In classical computing, a digital “bit” is either a 0 or 1, but cannot be both at the same time. However, in Quantum Computing, a “qubit” (quantum bit) can be in a superposition (both at once) until measured, leading to probabilistic outcomes.
The above paragraph describes the phenomenon of superposition which will show non-deterministic results, matching Quantum predictions (a core Quantum phenomenon). I will demonstrate Quantum superposition through a Python simulation program with the corresponding outputs (one graphical plot and one console output) that will prove the Quantum Computing assertion.

Superposition:

In the Python program, I have used “QISKit” (Quantum Information Software Kit), which is an open-source, Python-based, high-performance software stack
for Quantum Computing, originally developed by IBM Research and first released in 2017.

Hadamard Gate (H)My Python program has a single qubit that is put into a superposition using the Hadamard Gate (pictured above). The same simulation program, when run several times, will result in 512 for each of ‘0’ and ‘1’ [as mentioned in Expected Results]. The Hadamard Gate creates (|0> + |1>)/√2 (“braket” notation – check https://www.mathsisfun.com/physics/bra-ket-notation.html for a simple explanation of what this implies), so measurements yield 0 and 1 with 50% probability for each of 0 and 1 — which is impossible in classical bits without the randomness that Quantum computing provides.

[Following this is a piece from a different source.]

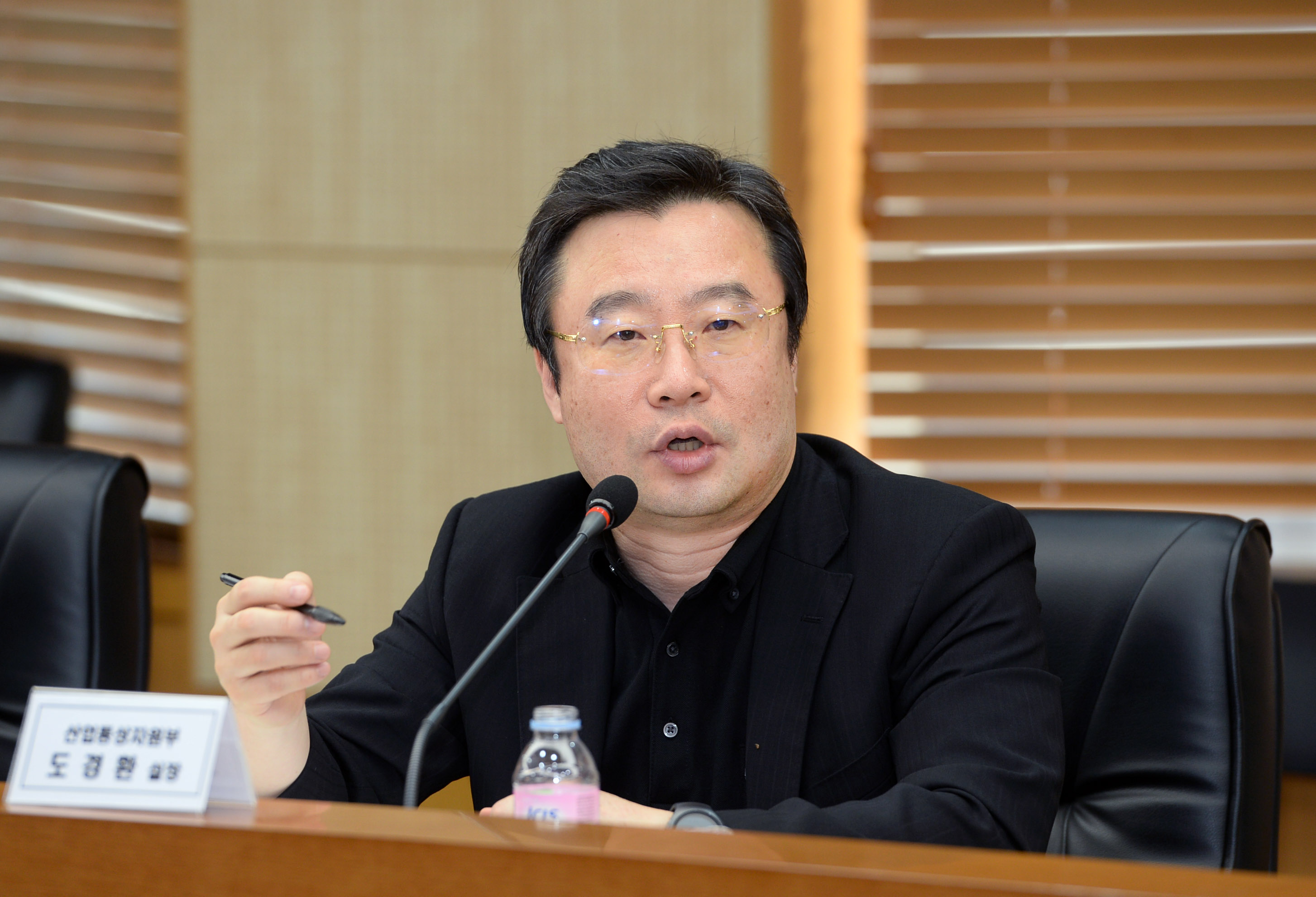 기업활력법 관련 중견기업 간담회 4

Real-Life Tie-In: This mirrors experiments on real Quantum hardware (e.g., IBM Quantum Platform through IBM Cloud), and can even run on actual qubits via the QISKit cloud access of IBM.

Limitations: For 1 or 2 qubits, simulation is exact. Beyond 20 or 30 qubits, it becomes infeasible in the classical sense, and Quantum computing resources will be needed.

Python Program: The program name is “QS” and can be accessed as a PDF file by clicking the link — QS

Expected Results
(1) Plot: A bar chart with ‘0’ and ‘1’ roughly equal (e.g., 503 for ‘0’ and 521 for ‘1’ in the case of just one simulation, consisting of of 1024 runs, as shown below – running the same simulation program several times will result in 512 for each of ‘0’ and ‘1’).
(2) Console: Measurement outcomes: {‘0’: 503, ‘1’: 521} – 503 for ‘0’ and 521 for ‘1’ in the case of just one run – running the same simulation program several times will result in 512 for each of ‘0’ and ‘1’ [as mentioned in (1)].

Plot - Quantum Superposition
The above proves superposition in a simulated real-life Quantum setup:
The qubit explores both states simultaneously until measured.